Please use this identifier to cite or link to this item: https://hdl.handle.net/10356/83565
Title: High Shear Stresses under Exercise Condition Destroy Circulating Tumor Cells in a Microfluidic System
Authors: Regmi, Sagar
Fu, Afu
Luo, Kathy Qian
Keywords: Apoptosis
Cancer prevention
Issue Date: 2017
Source: Regmi, S., Fu, A., & Luo, K. Q. (2017). High Shear Stresses under Exercise Condition Destroy Circulating Tumor Cells in a Microfluidic System. Scientific Reports, 7, 39975-.

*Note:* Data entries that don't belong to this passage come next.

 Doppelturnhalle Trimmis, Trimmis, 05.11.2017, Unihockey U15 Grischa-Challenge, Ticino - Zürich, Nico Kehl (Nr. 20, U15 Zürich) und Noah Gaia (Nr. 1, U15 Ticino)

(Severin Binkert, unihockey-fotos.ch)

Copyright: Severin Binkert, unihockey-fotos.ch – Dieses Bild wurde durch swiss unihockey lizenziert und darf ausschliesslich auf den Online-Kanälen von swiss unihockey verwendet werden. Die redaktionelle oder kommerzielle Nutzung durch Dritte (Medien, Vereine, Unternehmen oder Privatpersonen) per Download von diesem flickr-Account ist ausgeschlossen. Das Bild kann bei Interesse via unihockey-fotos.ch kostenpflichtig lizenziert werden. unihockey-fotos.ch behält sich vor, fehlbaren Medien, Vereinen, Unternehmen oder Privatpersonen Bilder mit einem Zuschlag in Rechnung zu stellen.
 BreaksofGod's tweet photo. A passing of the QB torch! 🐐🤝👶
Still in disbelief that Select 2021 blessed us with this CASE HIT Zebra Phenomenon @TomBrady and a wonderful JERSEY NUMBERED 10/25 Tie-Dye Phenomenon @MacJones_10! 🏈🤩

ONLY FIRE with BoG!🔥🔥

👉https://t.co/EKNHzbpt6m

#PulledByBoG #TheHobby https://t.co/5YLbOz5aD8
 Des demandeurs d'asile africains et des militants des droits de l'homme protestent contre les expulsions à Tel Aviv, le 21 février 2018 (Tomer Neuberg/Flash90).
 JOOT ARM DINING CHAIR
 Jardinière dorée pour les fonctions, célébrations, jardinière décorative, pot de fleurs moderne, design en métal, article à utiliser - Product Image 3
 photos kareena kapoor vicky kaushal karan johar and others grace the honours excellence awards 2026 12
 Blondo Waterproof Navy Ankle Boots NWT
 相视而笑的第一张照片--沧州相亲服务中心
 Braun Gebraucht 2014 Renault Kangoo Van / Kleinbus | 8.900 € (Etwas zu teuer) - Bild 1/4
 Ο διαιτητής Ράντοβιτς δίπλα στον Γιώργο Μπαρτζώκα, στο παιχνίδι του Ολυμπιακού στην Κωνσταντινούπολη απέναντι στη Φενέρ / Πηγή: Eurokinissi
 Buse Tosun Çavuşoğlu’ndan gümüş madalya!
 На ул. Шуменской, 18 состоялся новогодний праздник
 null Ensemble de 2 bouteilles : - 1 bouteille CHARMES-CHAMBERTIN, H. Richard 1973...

Series/Report no.: Scientific Reports
Abstract: Circulating tumor cells (CTCs) are the primary targets of cancer treatment as they cause distal metastasis. However, how CTCs response to exercise-induced high shear stress is largely unknown. To study the effects of hemodynamic microenvironment on CTCs, we designed a microfluidic circulatory system that produces exercise relevant shear stresses. We explore the effects of shear stresses on breast cancer cells with different metastatic abilities, cancer cells of ovarian, lung and leukemic origin. Three major findings were obtained. 1) High shear stress of 60 dynes/cm2 achievable during intensive exercise killed more CTCs than low shear stress of 15 dynes/cm2 present in human arteries at the resting state. 2) High shear stress caused necrosis in over 90% of CTCs within the first 4 h of circulation. More importantly, the CTCs that survived the first 4 h-circulation, underwent apoptosis during 16–24 h of post-circulation incubation. 3) Prolonged high shear stress treatment effectively reduced the viability of highly metastatic and drug resistant breast cancer cells. As high shear stress had much less damaging effects on leukemic cells mimicking the white blood cells, we propose that intensive exercise may be a good strategy for generating high shear stress that can destroy CTCs and prevent cancer metastasis.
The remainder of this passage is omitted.